Humana is a US based health care provider that is for profit and has business interests in Asia and Western Europe. They provide dental, medical, vision, life, and supplemental insurance. Established in 1961, Humana has 13 million customer in the United States.
Humana is accredited by URAC (the largest healthcare accreditor in the US), CORE certification, and NCQA. Humana has won dozens of awards from two “Best place to work” awards to individual awards for Jean Bisio and Patty Dale Tye as “Women to Watch.”
Humana is about total health and even offers information on their website on how to get and stay healthy.
Humana medical insurance Coverage
There are several options for health insurance available from Humana.
Humana Personal Care Account
The Personal Care Accountis a low deductible, high premium health care plan. This is combined with a health spending account. The health services on which the spending account can be used are limited to that which your employer will allow. There is also a cap on out-of-pocket medical expenses.
Humana Coverage First Plan
Expenses are paid up front and protections from the unexpected, serious injury or illness, are provided. This is a likely plan for those whose medical claims are under $500 per year. There is no extra charge for preventative care and there is an out-of-pocket maximum.
Preferred Provider Organization
It allows you to use in-network providers and gives you a discount when you do so. Out-of-network providers are covered, but at a price. You will pay higher copayments and deductibles if you go outside the system. This could be a problem when searching for specialized care. However, should you ever need a specialist, a referral will be unnecessary with this particular plan.

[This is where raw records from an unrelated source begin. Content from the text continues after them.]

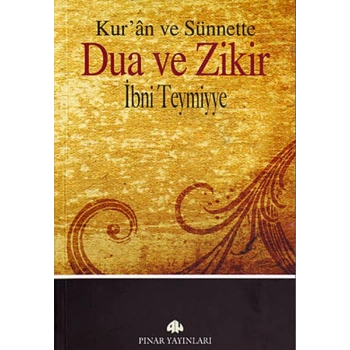 Kuran ve Sünnette Dua ve Zikir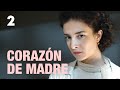 Corazón de madre | Capítulo 2 | Película en Español Latino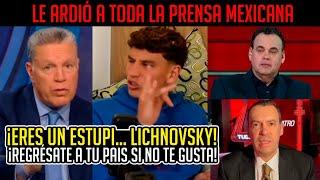 ¡IMPRESIONANTE! ASÍ RESPONDIÓ TODA la PRENSA MEXICANA a LICHNOVSKY por DECIRLES SUS VERDADES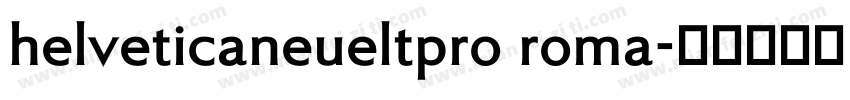 helveticaneueltpro roma字体转换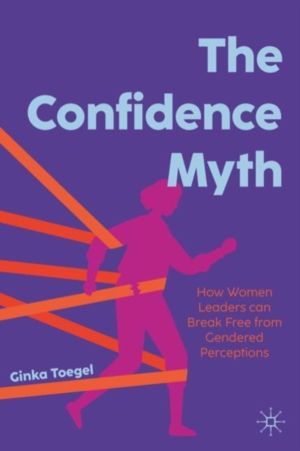 Confidence Myth - How Women Leaders can Break Free from Gendered Perception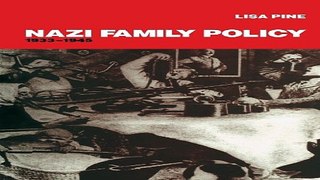 Download Nazi Family Policy  1933 1945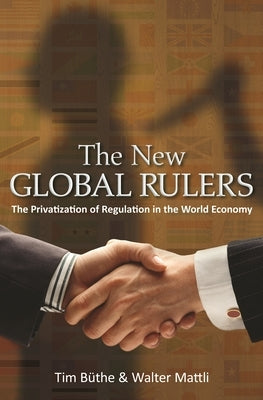 The New Global Rulers: The Privatization of Regulation in the World Economy Paperback Princeton University Press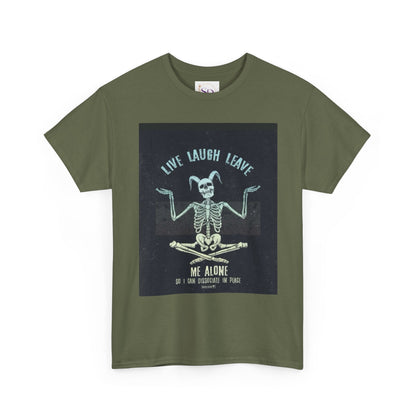 Skeleton Humor Unisex Heavy Cotton Tee - "Live Laugh Leave Me Alone"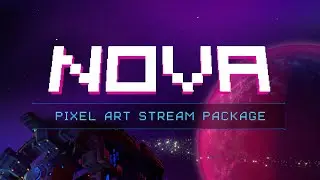 Nova - Pixel Art Overlay and Alerts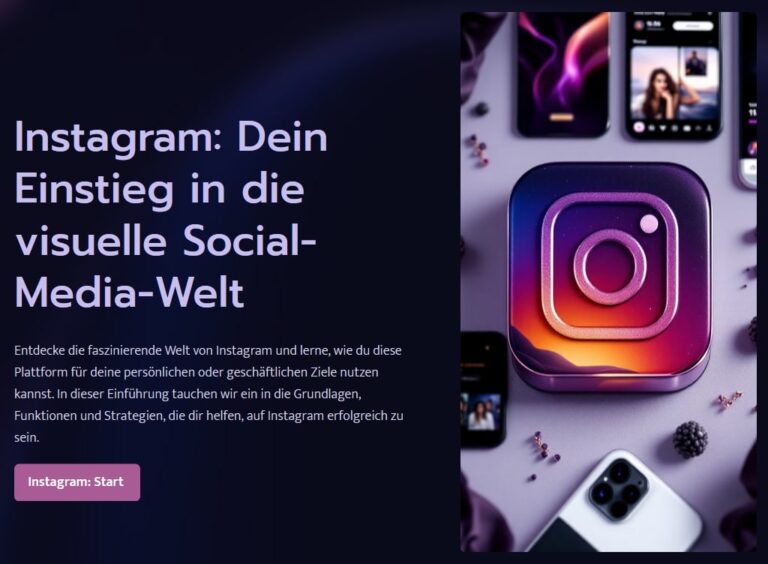 Instagram: Dein Einstieg in die visuelle Social-Media-Welt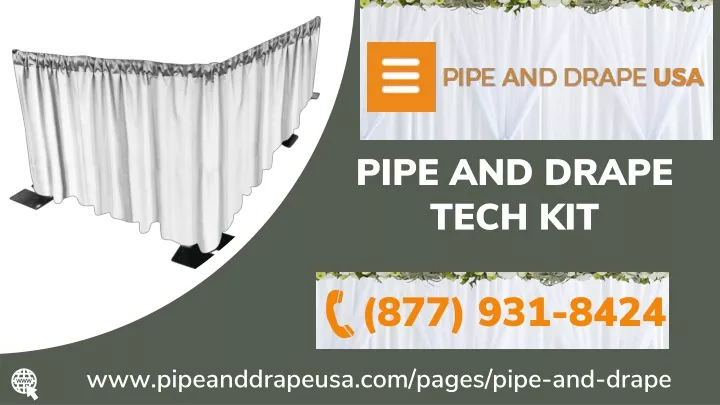 pipe and drape tech kit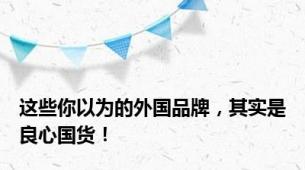 这些你以为的外国品牌，其实是良心国货！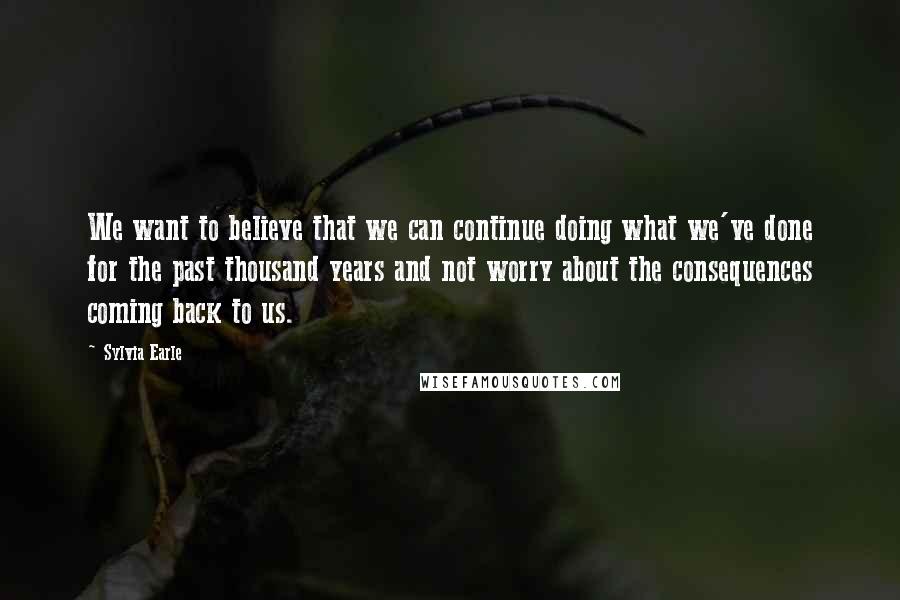 Sylvia Earle Quotes: We want to believe that we can continue doing what we've done for the past thousand years and not worry about the consequences coming back to us.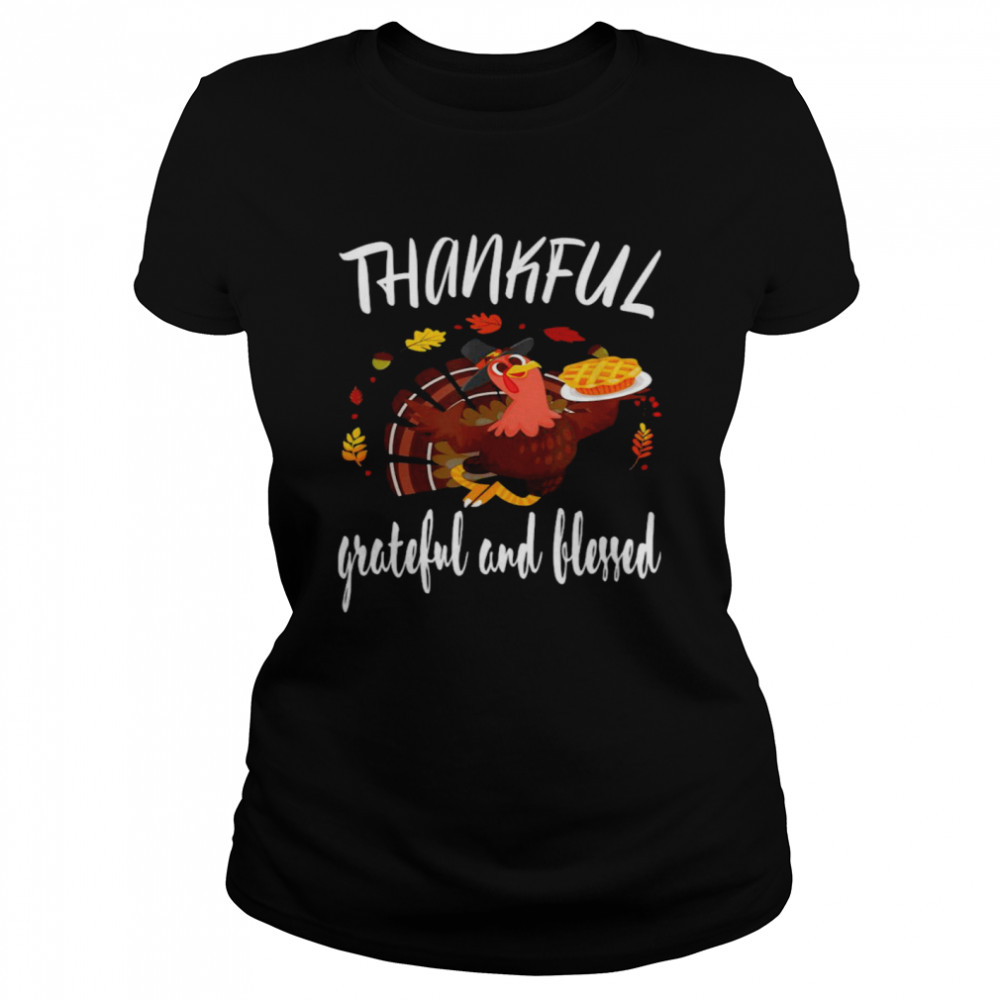 Thankful Grateful And Blessed Classic Women's T-shirt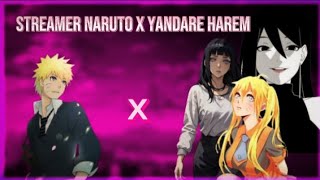 Streamer Naruto x Yandare stepsister and childhood friend  Naruto x Naruko x Hinata Part 2 ts [upl. by Renruojos970]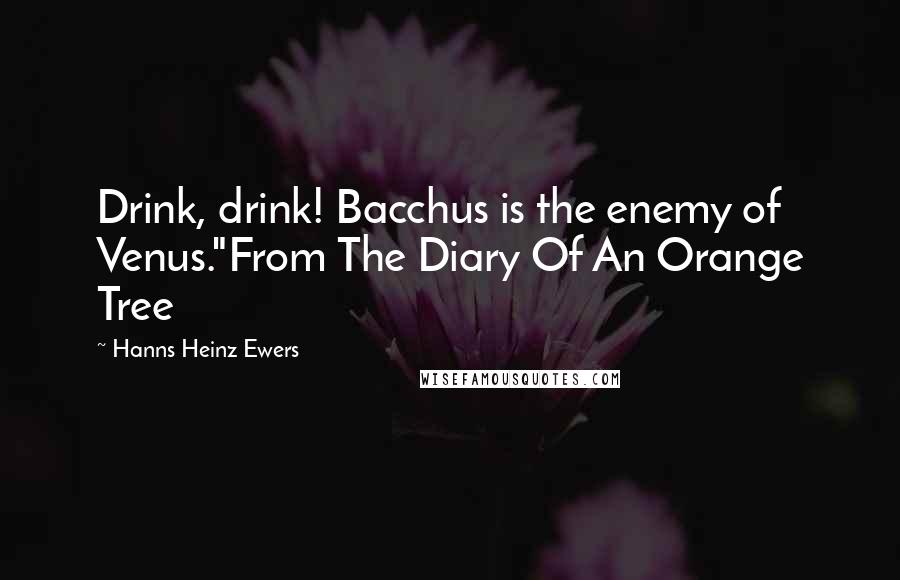 Hanns Heinz Ewers Quotes: Drink, drink! Bacchus is the enemy of Venus."From The Diary Of An Orange Tree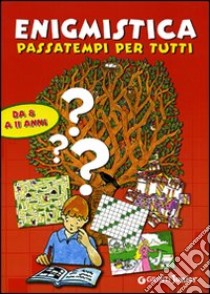 Enigmistica. Passatempi per tutti libro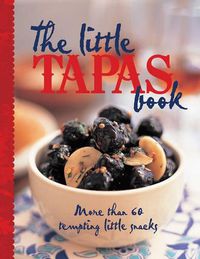 Cover image for The Little Tapas Book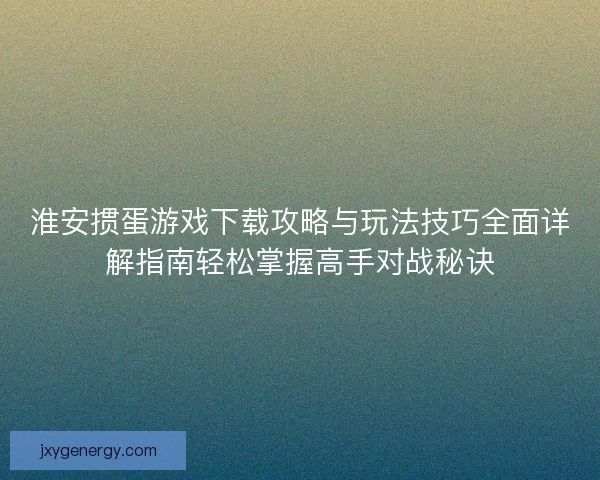 淮安掼蛋游戏下载攻略与玩法技巧全面详解指南轻松掌握高手对战秘诀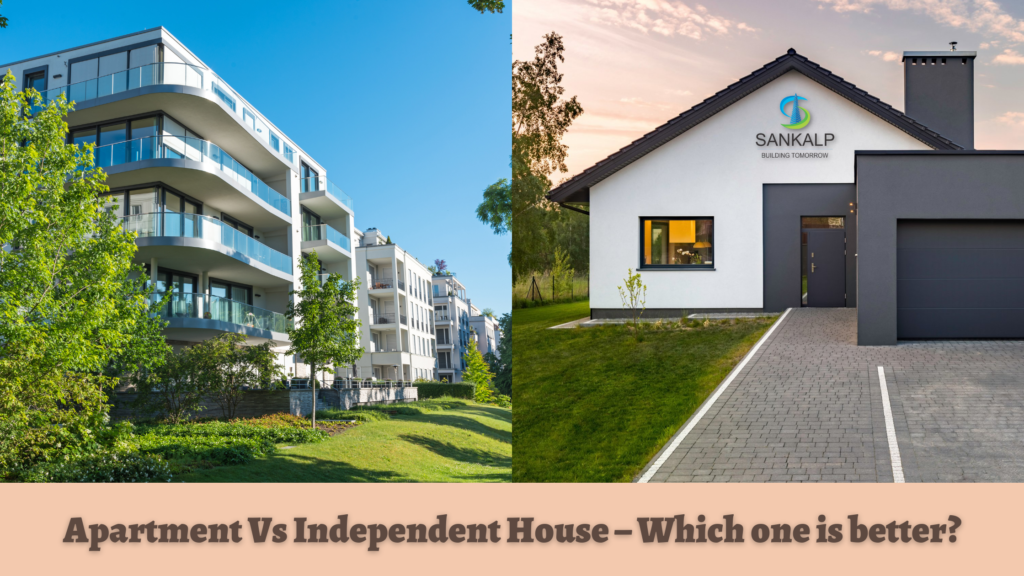 Apartment Vs Independent House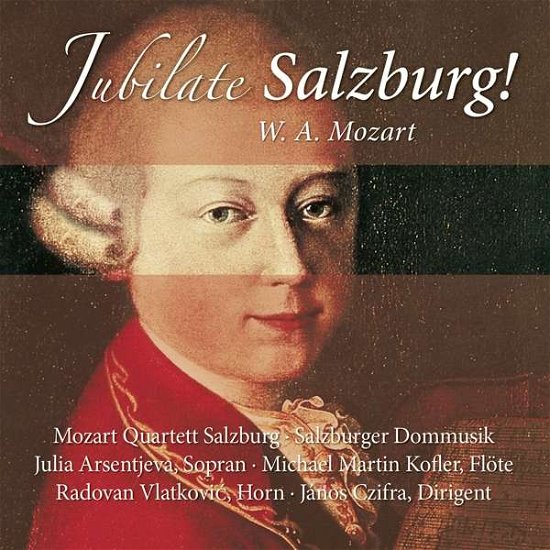 Cover for Mozart Quartett Salzburg / Czifra,Janos · Jubilate Salzburg! (CD) (2018)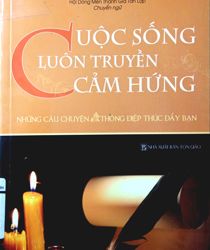 CUỘC SỐNG LUÔN TRUYỀN CẢM HỨNG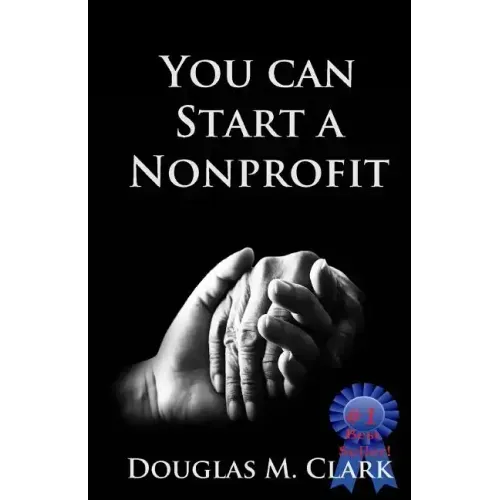 You CAN Start a Nonprofit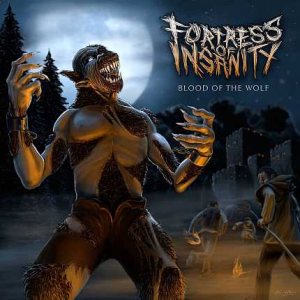 Fortress of Insanity - Blood of the Wolf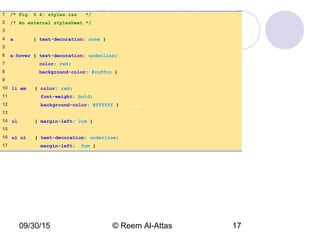 09/30/15 © Reem Al-Attas 17
styles.css
(1 of 1)
1 /* Fig. 6.4: styles.css */
2 /* An external stylesheet */
3
4 a { text-decoration: none }
5
6 a:hover { text-decoration: underline;
7 color: red;
8 background-color: #ccffcc }
9
10 li em { color: red;
11 font-weight: bold;
12 background-color: #ffffff }
13
14 ul { margin-left: 2cm }
15
16 ul ul { text-decoration: underline;
17 margin-left: .5cm }
 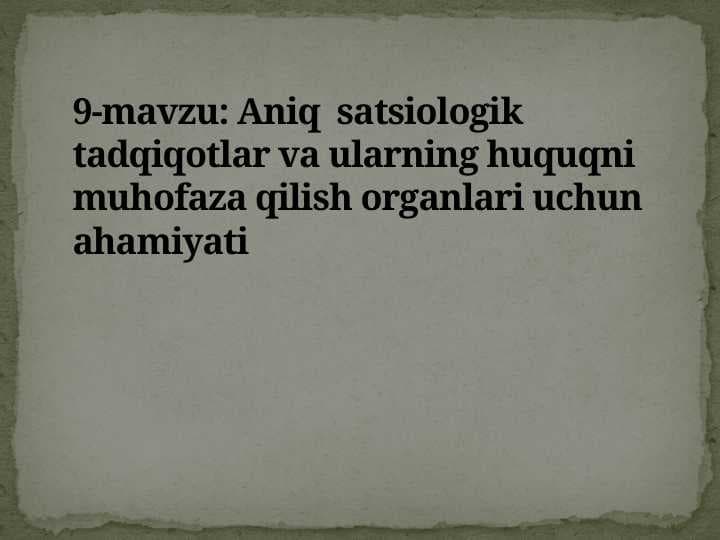 Aniq sotsiologik tadqiqotlar va ularni huquqni muhofaza qilish oʻrganlari uchun ahamiyati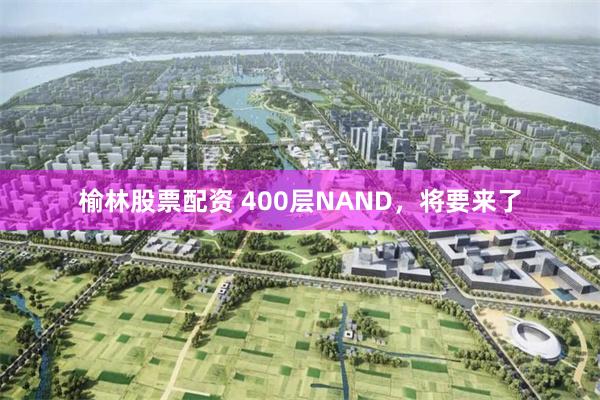 榆林股票配资 400层NAND，将要来了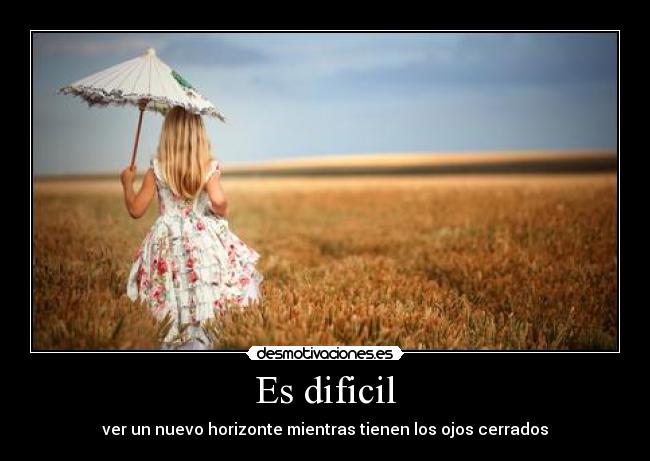Es dificil -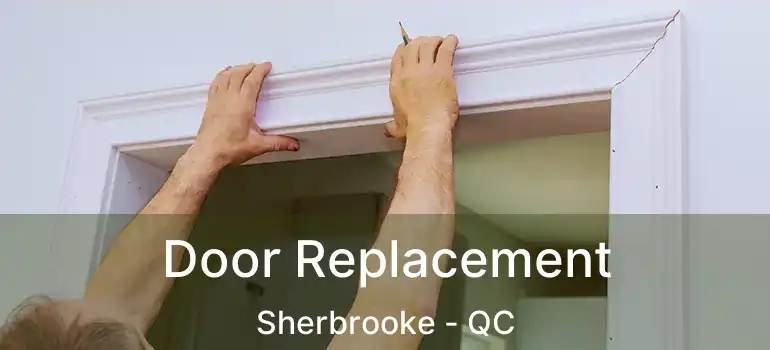  Door Replacement Sherbrooke - QC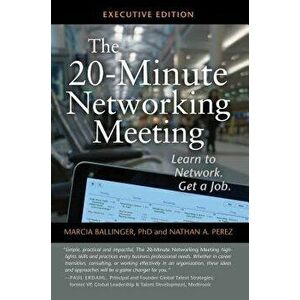 The 20-Minute Networking Meeting - Executive Edition: Learn to Network. Get a Job., Paperback - Ballinger Ph. D., Marcia imagine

Health Maintenance Organization
With this plan you can choose traditional or open access. However benefits are paid only when using in-network providers and out-of-network providers are to be used only in the event of an emergency. This option is not as lenient as the PPO option, however if you choose lower costs over specific providers you can save some money with this plan.
Point of Service
Point of service is similar to the above mentioned PPO, there are discounts for in-network providers and higher costs for out-of-network providers. These plans are the most flexible as they at least offer the option of going out of network.
If you are willing to pay a little more to keep costs for providers the same across the board, then the Humana Classic might be the plan for you. Choose any provider, even keep the same provider after switching. Humana Classic has no network, liberating you from the obligation of choosing from doctors pre-chosen by a faceless company. You make the criteria with this plan, you do your own research.
What about Humana’s other services
The dental plans have the same basic options that the medical insurances do. Some plans offer benefits for choosing in-network, you can also opt out of the system by paying slightly higher rates for any doctor.
There are two types of vision insurance: Vision Care Plan and Exam Plus. With VCP you get yearly eye exams, discounts on eyewear, and benefits for staying in-network.
With Exam Plus you pay a $10 copay for a yearly eye exam and you must stay in-network. They make up for this by offering dicounts on LASIK and PRK.